The contentment of this world and the contentment of God cannot exist side by side. One is the gift of Satan; one is the gift of God. Jesus’ temptation was for a purpose. It was to show that his hunger had purpose. It was to show that his hunger was much more important than anything his body was screaming for. His life would be daily denial, not that he went without, but that it all was so very unimportant.
Listening to your body means your passions tell you how to live, what to see, where to go, when to stop. Life is seeing, and you can’t do that if you’re focused on feeding. Life is obeying, and you can’t do that if you’re focused on feeding. Phil 3.18-20:
Many live as enemies of the cross of Christ; I have often told you of them, and now I tell you even with tears. Their end is destruction; their god is the belly; and their glory is in their shame; their minds are set on earthly things. But our citizenship is in heaven.

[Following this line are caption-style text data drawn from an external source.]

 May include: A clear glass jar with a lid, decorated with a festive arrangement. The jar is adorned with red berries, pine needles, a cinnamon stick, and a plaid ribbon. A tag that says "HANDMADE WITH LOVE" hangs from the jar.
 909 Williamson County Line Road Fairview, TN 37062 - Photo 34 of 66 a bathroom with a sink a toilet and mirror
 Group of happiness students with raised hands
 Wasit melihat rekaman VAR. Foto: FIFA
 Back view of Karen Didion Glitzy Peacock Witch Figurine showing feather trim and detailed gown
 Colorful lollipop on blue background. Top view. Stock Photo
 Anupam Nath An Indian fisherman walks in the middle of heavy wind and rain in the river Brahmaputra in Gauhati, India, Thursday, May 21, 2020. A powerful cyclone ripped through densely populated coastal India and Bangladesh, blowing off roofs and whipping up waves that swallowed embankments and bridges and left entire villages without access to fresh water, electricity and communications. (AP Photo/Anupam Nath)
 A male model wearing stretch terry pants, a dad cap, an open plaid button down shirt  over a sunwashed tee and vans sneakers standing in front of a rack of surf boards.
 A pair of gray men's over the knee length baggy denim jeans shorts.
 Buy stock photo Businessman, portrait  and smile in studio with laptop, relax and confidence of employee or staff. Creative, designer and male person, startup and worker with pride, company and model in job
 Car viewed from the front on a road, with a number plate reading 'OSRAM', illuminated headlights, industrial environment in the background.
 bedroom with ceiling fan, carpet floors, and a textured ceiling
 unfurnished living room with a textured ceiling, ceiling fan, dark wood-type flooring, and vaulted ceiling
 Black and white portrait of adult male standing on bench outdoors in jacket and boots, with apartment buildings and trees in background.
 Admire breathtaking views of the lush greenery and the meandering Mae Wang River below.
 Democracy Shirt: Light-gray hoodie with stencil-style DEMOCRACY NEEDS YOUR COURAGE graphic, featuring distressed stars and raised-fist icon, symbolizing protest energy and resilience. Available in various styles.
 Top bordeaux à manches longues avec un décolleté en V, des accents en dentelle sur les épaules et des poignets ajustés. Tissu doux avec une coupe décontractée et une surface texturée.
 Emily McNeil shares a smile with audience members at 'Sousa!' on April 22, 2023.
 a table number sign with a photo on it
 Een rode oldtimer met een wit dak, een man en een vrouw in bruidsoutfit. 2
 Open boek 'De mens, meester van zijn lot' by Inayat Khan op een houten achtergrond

In Phil 4.11-12 Paul says he has learned the secret of being content. Paul is not saying the secret is learning to live with little without envying those who have plenty, or learning to live with plenty without being sidetracked by it. That is a human struggle no one can win: it will fail.
Paul is saying his hunger is a different hunger and is satisfied by a different food. The human desires and needs are still there, but the hunger God has given is exceedingly more powerful and is not satisfied with mere food or things. In fact, those things prevent him from being content because his hunger is satisfied only by the “food” God gives, and that food is not given if he is also gratifying his human desires. Those other things are a pathetic and depressing alternative, and would never leave him contented.
[What does it mean: water gushing up so we will never thirst? Bread from heaven? We take them as nothing but spiritual talk. What good is it? What difference does it make? Possibly the reason we don’t understand the text is that we don’t know what this water and bread are. Did we have a thirst that Jesus satisfied? Do we have a hunger that Jesus replaces with something better? Do we have Jesus’ thirst? Do we have Jesus’ hunger? I think not. I think we accept the words without having any idea what they mean.
Jesus had a bread that was something other than the bread the disciples went into the city to buy. Their search for bread meant their human desires overwhelmed everything else. They didn’t see the woman, they didn’t see the people in the city. More than that, they didn’t think it was their job to see. They thought they we just people going around with Jesus.
When Jesus said he had bread they didn’t know of, he meant exactly that: They had no idea that such a thing existed. They reason they didn’t know is because they thought their reason for living was to live. Just like everyone else. To survive until death, and then hope for something after. Jesus was telling them there was something more. Something they needed to open their eyes to see. And so long as they existed as just normal people, they would never see, because they would never think it was supposed to be their job, they would never see what God was trying to do in the world, they would never see what God was trying to do through them.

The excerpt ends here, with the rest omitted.